> _Collected material_:
######

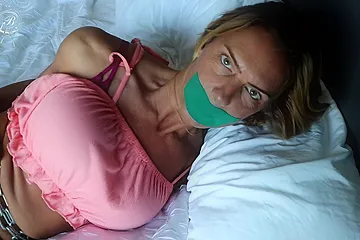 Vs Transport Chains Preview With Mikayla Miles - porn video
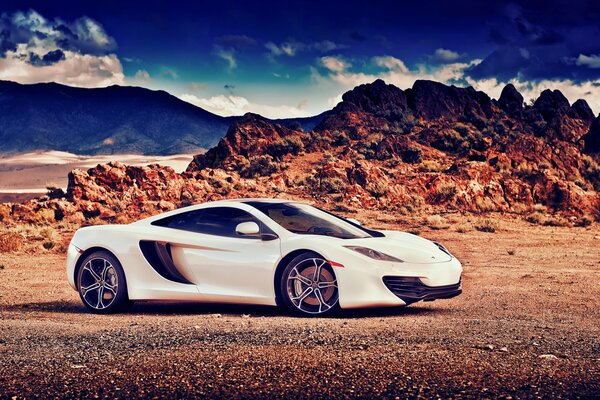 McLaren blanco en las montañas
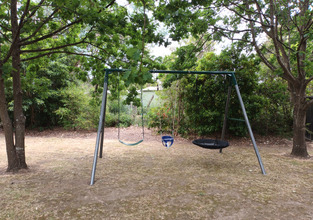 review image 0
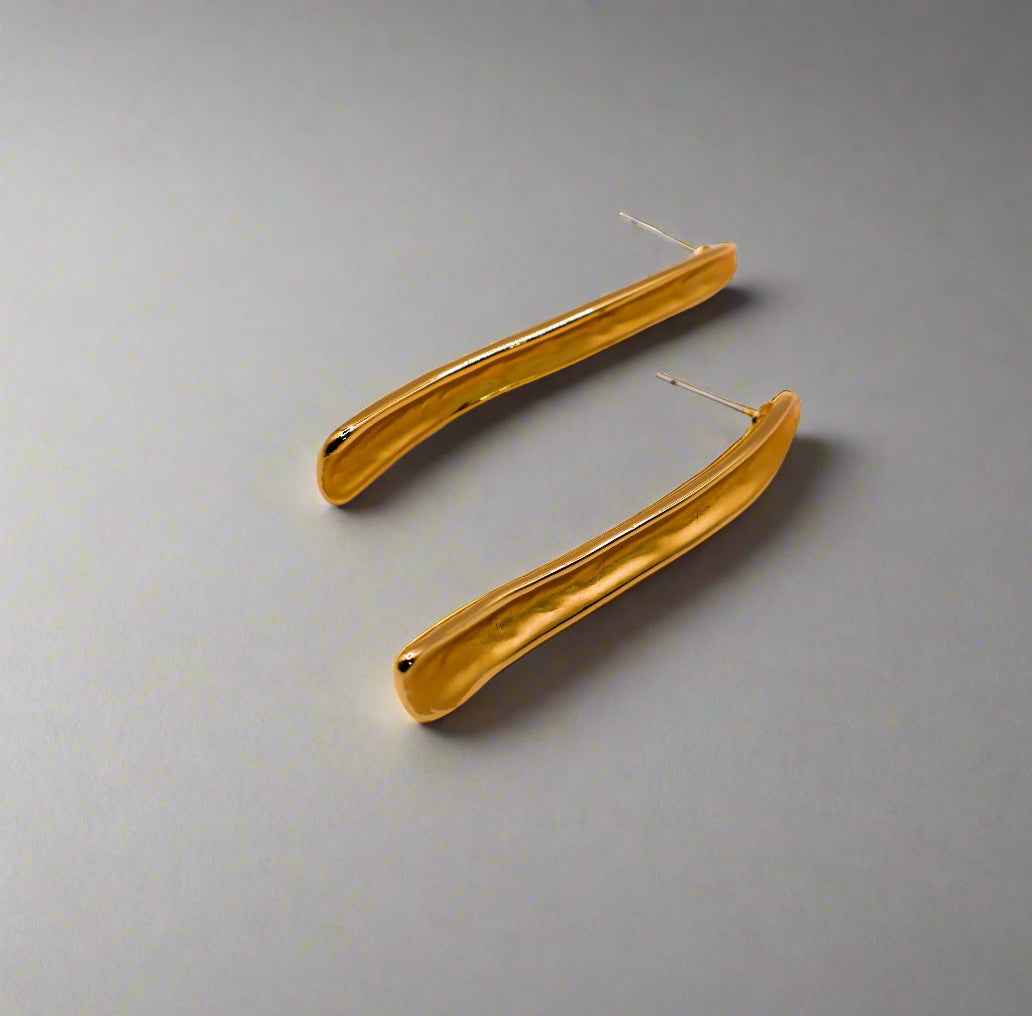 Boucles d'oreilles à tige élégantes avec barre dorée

######

> _Task item_:
The result should be a word-for-word restatement of all the data, without images.

> _Expected output_:
 Vs Transport Chains Preview With Mikayla Miles - porn video
 McLaren blanco en las montañas
 review image 0
 Boucles d'oreilles à tige élégantes avec barre dorée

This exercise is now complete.